Plaintiffs served a subpoena on Beckerman on June 16, 2004, because of what plaintiffs claimed was Beckerman's refusal to provide copies of its files. The requested documents included the primary and umbrella policies for the two years in question. Beckerman produced the files in question on June 28, 2004.
Mediation, based on plaintiffs' and Royal's separate submissions, took place in early September 2004. A settlement was reached on September 10, 2004, whereby Royal agreed to pay plaintiffs $500,000. A stipulation of dismissal with prejudice was submitted to the federal court on September 22, 2004, and the order was entered by the federal court on September 28, 2004.
On September 24, 2004, plaintiffs sent Beckerman a letter seeking indemnification in the amount of $2.5 million. This was the amount Media claimed it was unable to recover due to the errors committed by Beckerman in the preparation and submission of the policy applications. The letter stated that "it is clear that Beckerman is at fault for the error." Plaintiffs then filed this malpractice action against Beckerman.
According to Michael Levin, Cadapult's founder, Cadapult always believed that Media was covered by the Royal policy. Julian Forrest, a broker with Beckerman, stated that he did not recall learning that Cadapult had formed Media in December 1999. However, by April 2000, Forrest understood that Cadapult and Media had common ownership, but did not "realize" that Media was a subsidiary.
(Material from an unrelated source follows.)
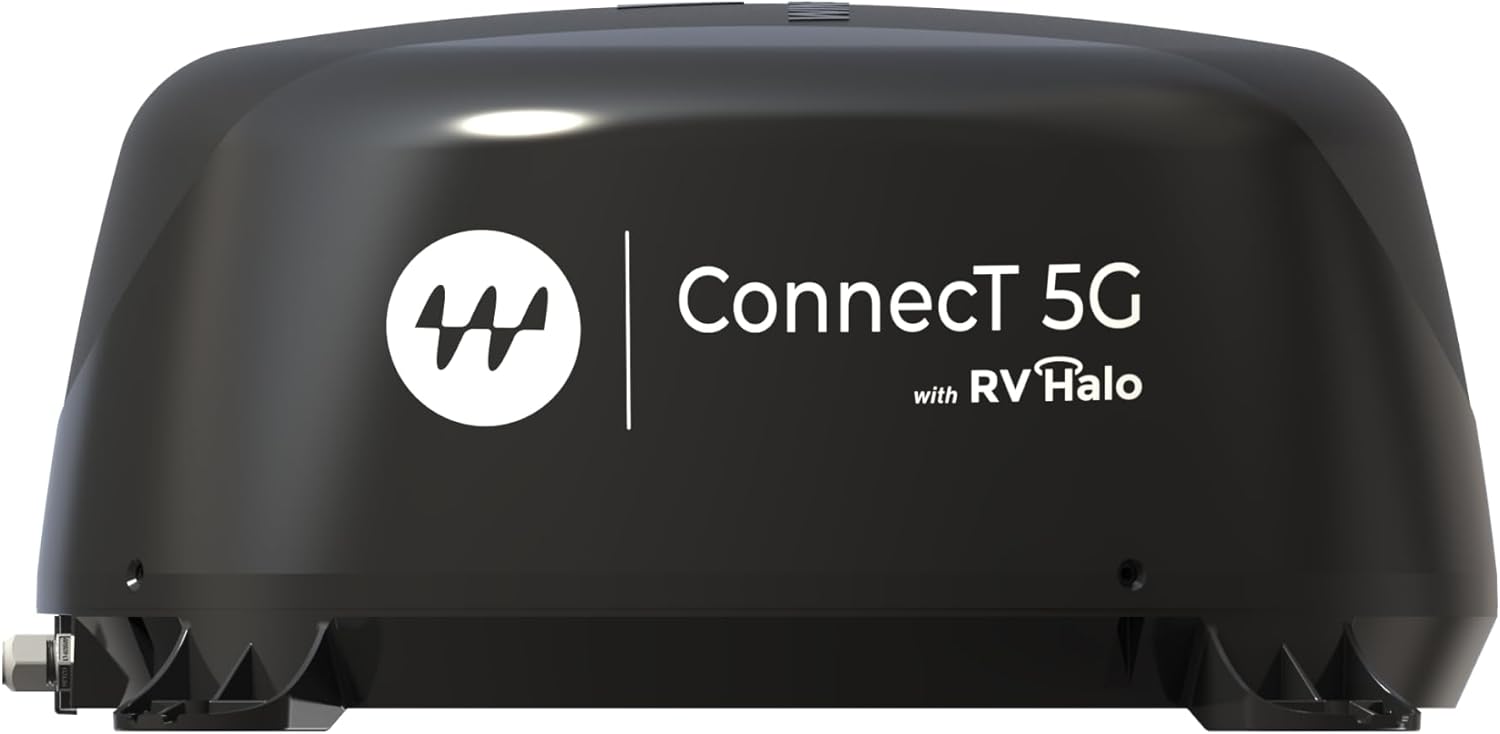 Winegard Connect 5G WF2‑5G1 RV Outdoor 5G Router - HDTV Antenna High‑Speed Dual Band Wi‑Fi Extended Coverage GPS Bluetooth Sensor - Starlink Compatible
According to Joseph Racioppi, an underwriter for Royal, if Royal was not the underlying carrier, it generally would not write an umbrella policy for the insured. Despite the "big shield" coverage, Racioppi maintained that Cadapult was still obligated to inform Royal of its subsidiaries. Racioppi claimed that had Royal known Media was a subsidiary of Cadapult, it would not have issued the renewal policy.
Robert Norton, Royal's claims supervisor, stated that plaintiffs' delay in filing the claim was a "red flag." He claimed that Royal was prejudiced by the late notice because it lost the ability to inspect the ink sticks. Plaintiffs claimed that Media did not file the claim earlier because it was not aware of the coverage available to it until Cadapult's umbrella policy came up for annual review.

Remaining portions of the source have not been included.